Run /claude-code-hermit:hermit-settings to adjust any settings.

Adjust the summary based on what actually changed. Omit sections where nothing changed.

Docker rebuild notice. If the plan's docker_entrypoint was a conflict/unmodified that you refreshed in Step 5c, OR docker_templates (from F2) is non-empty, append a Docker: section telling the operator a rebuild is needed and in what order:

• Entrypoint refreshed (Step 5c) → "Docker entrypoint refreshed. Rebuild to apply: .claude-code-hermit/bin/hermit-docker update."
• docker_templates entries with status: "changed" (compose/Dockerfile moved upstream) → "Docker template(s) changed upstream: <names>. These render with your config, so refresh them FIRST, then rebuild — in this order: (1) re-run /claude-code-hermit:docker-setup (it backs up and re-renders), (2) THEN hermit-docker update. Rebuilding first bakes the stale on-disk files into the image." Lead with the compose file; the entrypoint is already handled by Step 5c.
• docker_templates entries with status: "unknown" → "Docker template baseline not recorded (deployed before this version). Run /claude-code-hermit:docker-setup once to arm the drift signal; until then a rebuild can't be drift-checked."
• Never auto-rebuild.
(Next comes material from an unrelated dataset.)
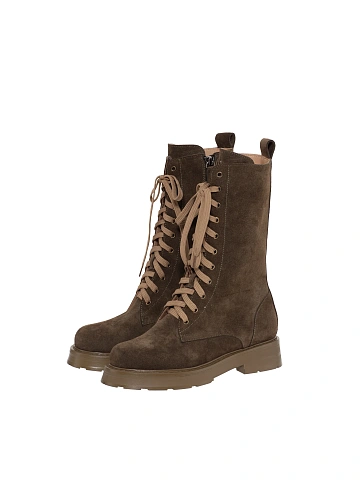Khaki Brown Suede Lace Up Boots, 1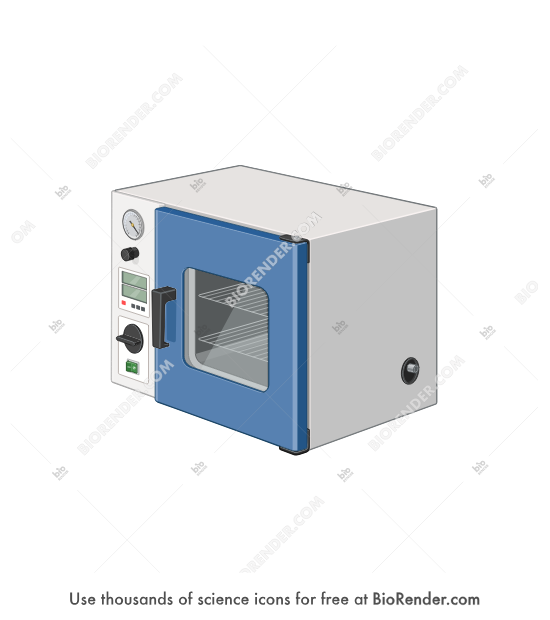 Vacuum oven - Editable icon of vacuum oven with door with glass window, controller, gauges, drying chamber, and removable shelf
In unattended mode this whole section is report-only and rides the channel notification below.

After printing the summary, notify the operator per CLAUDE-APPEND.md § Operator Notification with a condensed one-line message such as "Hermit upgraded: vOLD → vNEW. N settings added, M templates refreshed." Omit segments where nothing changed. In unattended mode, append the deferred/auto-applied segments to this notification: settings set to defaults (Step 4), permission entries added without confirmation (Step 8), and any migration steps deferred for operator review (Steps 2b/7) — so the operator can follow up via /hermit-settings.